Unggahan tersebut menyinggung kelompok sayap kanan. Salah satu situs berita sayap kanan, Daily Caller meriset unggahan Gunn di X yang dianggap ofensif dan membaginya di media sosial. Sejumlah warganet merespons dengan menuntut Disney untuk memutus kerja sama dengan Gunn.
Gunn pun sempat dibebastugaskan dari proyek film ketiga Guardians of the Galaxy. Ia direkrut kembali setelah menyampaikan permintaan maaf secara terbuka dan bernegosiasi dengan para petinggi studio Disney.
Akhirnya Gunn memilih beralih ke penerbit komik lain. Pada 2022 ia diangkat sebagai co-chairman DC Studios. Ia kini menjabat sebagai kepala kreator DC Universe yang bertanggungjawab untuk membuat sejumlah film termasuk Superman.
Istilah 'alien ilegal' untuk para migran
Gunn tidak bermaksud untuk memprovokasi penonton yang tidak progresif. Pada kenyataannya, tokoh Superman diciptakan oleh Jeryy Siegel dan Joe Shuster. Dua imigran Yahudi yang menciptakan figur Superman sebagai respons atas kebangkitan Hitler dan antisemitisme di Eropa.
Superman pertama kali tampil dalam Action Comics #1 pada 1938.

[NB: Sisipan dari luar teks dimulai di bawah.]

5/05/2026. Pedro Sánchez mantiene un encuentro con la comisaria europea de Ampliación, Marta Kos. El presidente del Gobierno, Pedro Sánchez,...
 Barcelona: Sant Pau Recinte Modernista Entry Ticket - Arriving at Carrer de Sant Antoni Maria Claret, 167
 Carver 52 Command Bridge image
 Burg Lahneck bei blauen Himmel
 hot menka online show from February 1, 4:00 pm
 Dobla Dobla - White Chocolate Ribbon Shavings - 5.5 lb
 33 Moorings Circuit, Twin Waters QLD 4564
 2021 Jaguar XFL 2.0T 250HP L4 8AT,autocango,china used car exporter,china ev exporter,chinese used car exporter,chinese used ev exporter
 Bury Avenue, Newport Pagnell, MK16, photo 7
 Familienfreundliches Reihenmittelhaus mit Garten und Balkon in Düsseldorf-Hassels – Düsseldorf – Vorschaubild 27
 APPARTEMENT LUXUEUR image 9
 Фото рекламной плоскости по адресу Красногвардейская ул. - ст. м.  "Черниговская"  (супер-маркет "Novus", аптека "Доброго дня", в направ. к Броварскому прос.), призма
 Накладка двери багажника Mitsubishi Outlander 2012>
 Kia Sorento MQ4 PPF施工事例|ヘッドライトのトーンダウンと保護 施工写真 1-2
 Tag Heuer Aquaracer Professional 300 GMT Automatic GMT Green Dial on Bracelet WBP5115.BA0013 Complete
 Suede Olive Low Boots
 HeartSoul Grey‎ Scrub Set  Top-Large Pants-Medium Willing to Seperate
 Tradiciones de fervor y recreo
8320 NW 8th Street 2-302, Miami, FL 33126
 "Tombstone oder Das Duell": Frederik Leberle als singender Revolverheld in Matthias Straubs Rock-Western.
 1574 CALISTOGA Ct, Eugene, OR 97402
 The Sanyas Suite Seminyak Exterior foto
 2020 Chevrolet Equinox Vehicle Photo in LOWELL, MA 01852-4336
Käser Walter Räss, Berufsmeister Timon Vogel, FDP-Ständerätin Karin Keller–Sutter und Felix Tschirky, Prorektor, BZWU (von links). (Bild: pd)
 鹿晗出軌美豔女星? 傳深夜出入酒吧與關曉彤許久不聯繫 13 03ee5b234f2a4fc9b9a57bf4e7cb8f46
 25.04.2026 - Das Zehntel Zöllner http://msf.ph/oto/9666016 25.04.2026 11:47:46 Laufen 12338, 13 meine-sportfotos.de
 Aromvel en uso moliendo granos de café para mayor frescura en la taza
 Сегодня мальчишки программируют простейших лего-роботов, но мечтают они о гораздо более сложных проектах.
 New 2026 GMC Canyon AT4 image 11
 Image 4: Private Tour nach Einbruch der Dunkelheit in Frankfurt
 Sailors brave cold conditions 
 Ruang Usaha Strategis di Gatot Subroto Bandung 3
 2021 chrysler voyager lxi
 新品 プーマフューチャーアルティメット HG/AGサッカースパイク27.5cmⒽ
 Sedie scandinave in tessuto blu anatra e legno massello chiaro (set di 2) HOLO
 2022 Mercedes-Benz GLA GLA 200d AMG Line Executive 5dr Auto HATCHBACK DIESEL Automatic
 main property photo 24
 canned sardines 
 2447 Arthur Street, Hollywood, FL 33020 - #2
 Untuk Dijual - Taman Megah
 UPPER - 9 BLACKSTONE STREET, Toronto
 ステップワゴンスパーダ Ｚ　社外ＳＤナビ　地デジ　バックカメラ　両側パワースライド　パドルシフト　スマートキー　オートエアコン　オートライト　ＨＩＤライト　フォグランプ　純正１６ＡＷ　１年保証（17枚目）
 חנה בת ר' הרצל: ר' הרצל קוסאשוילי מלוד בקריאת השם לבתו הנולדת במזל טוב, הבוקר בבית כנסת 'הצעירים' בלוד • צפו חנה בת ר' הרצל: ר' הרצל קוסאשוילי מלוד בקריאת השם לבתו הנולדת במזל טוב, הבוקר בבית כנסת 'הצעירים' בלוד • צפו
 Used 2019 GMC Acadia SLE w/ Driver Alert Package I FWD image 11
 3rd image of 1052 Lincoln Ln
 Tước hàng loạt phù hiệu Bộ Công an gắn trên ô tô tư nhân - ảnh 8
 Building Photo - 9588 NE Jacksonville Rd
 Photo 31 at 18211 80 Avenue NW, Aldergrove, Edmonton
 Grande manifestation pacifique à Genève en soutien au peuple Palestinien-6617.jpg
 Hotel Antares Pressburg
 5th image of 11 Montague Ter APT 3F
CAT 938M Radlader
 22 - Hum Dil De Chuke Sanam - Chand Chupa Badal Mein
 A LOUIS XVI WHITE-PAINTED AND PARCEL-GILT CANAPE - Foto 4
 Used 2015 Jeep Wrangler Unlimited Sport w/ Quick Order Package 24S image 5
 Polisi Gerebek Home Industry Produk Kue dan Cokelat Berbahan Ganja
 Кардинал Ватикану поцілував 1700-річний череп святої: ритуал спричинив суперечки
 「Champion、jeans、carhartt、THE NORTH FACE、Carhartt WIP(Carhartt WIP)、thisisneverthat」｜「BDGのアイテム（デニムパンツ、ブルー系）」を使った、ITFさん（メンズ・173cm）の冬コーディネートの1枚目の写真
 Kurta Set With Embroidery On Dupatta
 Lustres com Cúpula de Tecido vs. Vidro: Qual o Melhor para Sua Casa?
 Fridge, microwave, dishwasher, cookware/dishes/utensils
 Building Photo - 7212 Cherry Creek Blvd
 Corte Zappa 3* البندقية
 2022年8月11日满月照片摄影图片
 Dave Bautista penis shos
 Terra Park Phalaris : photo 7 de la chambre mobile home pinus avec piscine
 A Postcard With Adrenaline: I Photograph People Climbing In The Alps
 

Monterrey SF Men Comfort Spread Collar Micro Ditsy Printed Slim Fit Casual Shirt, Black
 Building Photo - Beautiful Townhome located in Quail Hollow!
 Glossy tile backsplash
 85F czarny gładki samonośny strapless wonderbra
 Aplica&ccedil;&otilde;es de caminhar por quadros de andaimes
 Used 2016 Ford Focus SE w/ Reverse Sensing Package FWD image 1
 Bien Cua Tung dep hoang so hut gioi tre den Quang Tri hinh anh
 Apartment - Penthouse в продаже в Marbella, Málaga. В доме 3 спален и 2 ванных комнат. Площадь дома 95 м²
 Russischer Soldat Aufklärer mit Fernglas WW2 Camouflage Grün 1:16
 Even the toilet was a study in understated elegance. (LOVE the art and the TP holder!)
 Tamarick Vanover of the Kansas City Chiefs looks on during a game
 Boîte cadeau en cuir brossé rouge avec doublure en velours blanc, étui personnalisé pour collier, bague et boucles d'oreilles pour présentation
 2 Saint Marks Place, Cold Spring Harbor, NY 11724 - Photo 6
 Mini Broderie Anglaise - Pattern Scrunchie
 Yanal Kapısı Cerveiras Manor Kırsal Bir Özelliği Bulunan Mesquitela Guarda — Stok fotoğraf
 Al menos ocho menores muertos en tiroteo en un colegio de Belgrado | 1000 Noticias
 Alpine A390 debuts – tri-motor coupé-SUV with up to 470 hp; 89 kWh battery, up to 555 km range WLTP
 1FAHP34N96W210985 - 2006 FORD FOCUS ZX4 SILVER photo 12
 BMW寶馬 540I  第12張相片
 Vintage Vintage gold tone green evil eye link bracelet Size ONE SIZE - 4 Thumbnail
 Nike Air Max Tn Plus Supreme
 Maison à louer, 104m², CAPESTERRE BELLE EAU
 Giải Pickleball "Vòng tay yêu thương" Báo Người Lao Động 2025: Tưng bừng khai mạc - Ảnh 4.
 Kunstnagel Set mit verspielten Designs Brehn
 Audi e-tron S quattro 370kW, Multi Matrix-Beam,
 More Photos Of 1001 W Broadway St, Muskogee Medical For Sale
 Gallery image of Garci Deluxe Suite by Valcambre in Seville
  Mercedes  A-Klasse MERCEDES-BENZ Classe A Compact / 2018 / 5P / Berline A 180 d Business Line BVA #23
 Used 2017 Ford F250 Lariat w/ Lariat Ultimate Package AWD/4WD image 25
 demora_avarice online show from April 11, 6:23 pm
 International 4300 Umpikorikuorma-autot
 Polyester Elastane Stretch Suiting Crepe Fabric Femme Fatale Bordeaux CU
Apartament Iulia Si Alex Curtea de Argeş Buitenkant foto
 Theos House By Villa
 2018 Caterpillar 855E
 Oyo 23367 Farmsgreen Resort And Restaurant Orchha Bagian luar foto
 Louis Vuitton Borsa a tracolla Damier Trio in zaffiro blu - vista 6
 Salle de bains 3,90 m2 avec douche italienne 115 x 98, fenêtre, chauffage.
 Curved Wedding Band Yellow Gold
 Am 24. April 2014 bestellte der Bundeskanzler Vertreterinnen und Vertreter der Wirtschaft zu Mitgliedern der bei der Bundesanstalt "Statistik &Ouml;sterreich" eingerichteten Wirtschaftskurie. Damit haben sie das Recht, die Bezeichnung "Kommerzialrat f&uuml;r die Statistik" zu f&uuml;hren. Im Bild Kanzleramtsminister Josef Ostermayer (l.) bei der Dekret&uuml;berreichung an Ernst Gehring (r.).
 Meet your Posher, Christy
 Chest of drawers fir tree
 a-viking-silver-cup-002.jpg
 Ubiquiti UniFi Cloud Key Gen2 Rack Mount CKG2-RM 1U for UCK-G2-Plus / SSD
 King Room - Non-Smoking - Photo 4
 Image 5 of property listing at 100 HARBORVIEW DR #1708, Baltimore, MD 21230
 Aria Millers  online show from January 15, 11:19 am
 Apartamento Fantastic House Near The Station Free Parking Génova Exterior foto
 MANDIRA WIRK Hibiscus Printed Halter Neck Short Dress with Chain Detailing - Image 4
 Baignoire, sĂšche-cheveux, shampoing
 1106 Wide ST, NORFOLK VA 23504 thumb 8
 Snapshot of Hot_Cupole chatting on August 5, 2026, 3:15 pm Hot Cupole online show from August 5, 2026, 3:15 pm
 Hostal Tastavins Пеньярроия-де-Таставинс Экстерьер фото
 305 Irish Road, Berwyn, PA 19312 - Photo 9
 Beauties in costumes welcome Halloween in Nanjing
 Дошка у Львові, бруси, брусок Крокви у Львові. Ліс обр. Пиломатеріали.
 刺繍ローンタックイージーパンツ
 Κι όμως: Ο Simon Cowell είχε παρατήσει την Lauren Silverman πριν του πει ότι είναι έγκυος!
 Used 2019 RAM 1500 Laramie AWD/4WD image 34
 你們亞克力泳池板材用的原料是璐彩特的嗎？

Superman lahir di planet Krypton dengan nama Kal-El. Orang tua Kal-El mengirimnya ke bumi agar ia tidak menjadi korban kehancuran planet Krypton. Keluarga yang mengadopsi Kal-El menganggapnya sebagai anak biologis dan memberinya nama Clark Kent. Hal itu dilakukan agar tidak ada yang mengetahui bahwa Kal-el adalah ‘alien ilegal'. Istilah untuk menyebut para migran dan sesungguhnya dianggap ofensif bagi kelompok migran.
Asal usul Superman mulai dikulik kembali pada 2018 ketika Komisioner Tinggi Perserikatan Bangsa-Bangsa untuk Pengungsi (UNHCR) menerbitkan buku Superman was a Refugee Too.
Setahun sebelumnya, Action Comics edisi #987 menggambarkan Superman melindungi sekelompok imigran tanpa dokumen dari serangan orang kulit putih bersenjata. Komik tersebut dirilis tak lama setelah Presiden Trump menghapus kebijakan Deferred Action for Childhood Arrivals (DACA). DACA adalah program yang memungkinkan ratusan ribu imigran Amerika Serikat yang tiba di sana sejak masa kanak-kanak bisa tinggal dan bekerja tanpa ancaman deportasi.
Pada awal 2025, pemerintah Amerika Serikat kembali memakai kata ‘alien' untuk menyebut para migran. Penggunaan istilah tersebut sempat dilarang ketika Joe Biden masih menjabat. Kini pemerintahan Trump juga meningkatkan pengetatan imigrasi yang mengancam demokrasi di Amerika Serikat dan memperbesar polarisasi di kalangan masyarakat.